Perhaps it is not a surprise that Cerberus quickly decided to sell the Freedom Group, its collection of gun companies, including Bushmaster, the firm that made one of the weapons used in the Newtown, Conn., massacre. Cerberus has been notoriously secretive about its finances, and the adverse press it has attracted in the aftermath of Newtown forced a hasty retreat. This should be very encouraging to those of us who wish to shift the debate about guns: A few critical articles, some whispers from major investors questioning their investment in Cerberus, and decisions were instantly made that could cost the company hundreds of millions of dollars.

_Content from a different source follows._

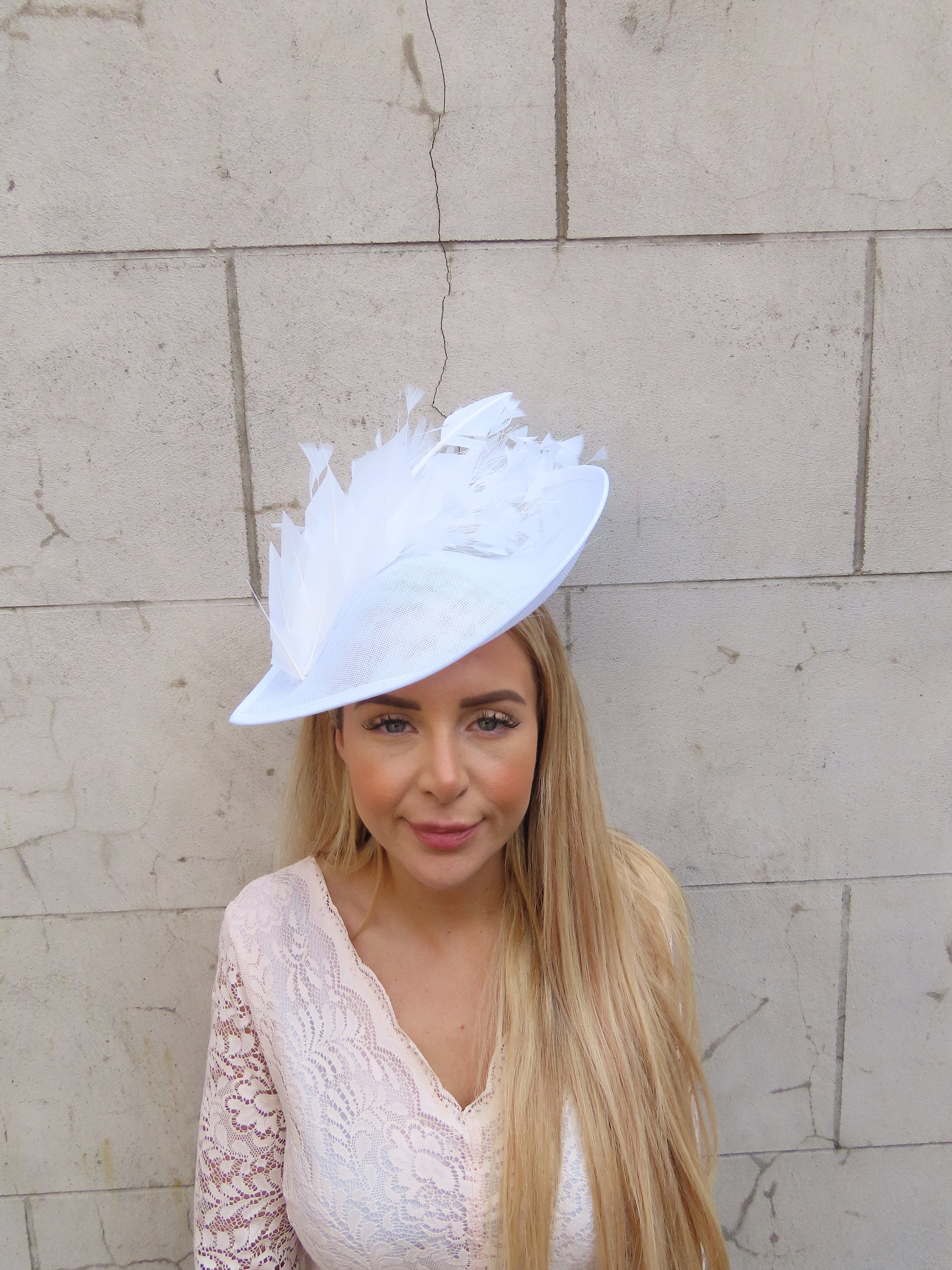 Large White Feather Fascinator Hat Big Teardrop Wedding  display picture 1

So there is a significant message here: Ownership matters. Ownership can be more powerful than regulation. The capacity of pension funds and endowments to act collectively and use their rightful interest in having their funds invested in a way that reflects their core values is something we have largely forgotten. It is too easy when things go fundamentally awry to call for more legislation or blame failed regulators. And surely we shouldn’t diminish the pressure we apply to Congress now to enact real gun control. But at the end of the day, it is those who own the shares and invest the dollars who can and must be held to account. And if those investors awoke to this responsibility and possibility, they could make enormous improvements in American life.

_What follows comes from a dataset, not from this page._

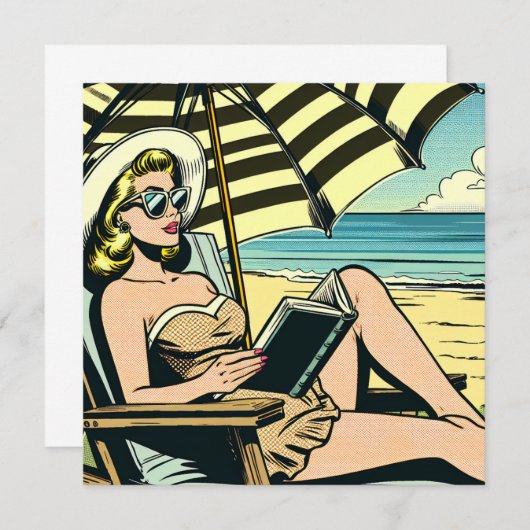 Retro Pop Art Lady am Strand (Vorne/Hinten)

Imagine if investors in Wal-Mart really cared about bribery at that company’s overseas operations or safety standards at its overseas manufacturing plants. If investors pulled their capital, corporate leaders would have to respond.

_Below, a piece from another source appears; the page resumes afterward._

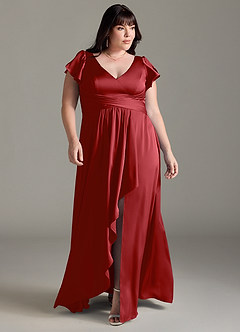 Azazie Omari Bridesmaid Dresses Pomegranate A-Line Stretch Satin Dress image7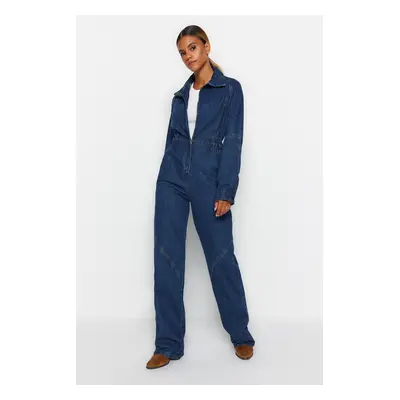 Trendyol Limited Edition Blue Stitch Detail Zippered Denim Jumpsuit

Imagine if the pension funds and endowments that own much of the equity in our financial services companies demanded that those companies revisit the way mortgages were marketed to those without adequate skills to understand the products they were being sold. Management would have to change the way things were done.

And to return to guns, imagine if the shareholders pressured large retailers to cease the sale of certain semi-automatic weapons or risk having their shares sold? You can bet that those retailers would reconsider their gun sales.

Shareholders have the right and obligation to set the parameters of corporate behavior within which management pursues profit. The speed with which Cerberus said it was getting out of the gun business shows how easy it could be to change corporate behavior, if only shareholders set their minds to it.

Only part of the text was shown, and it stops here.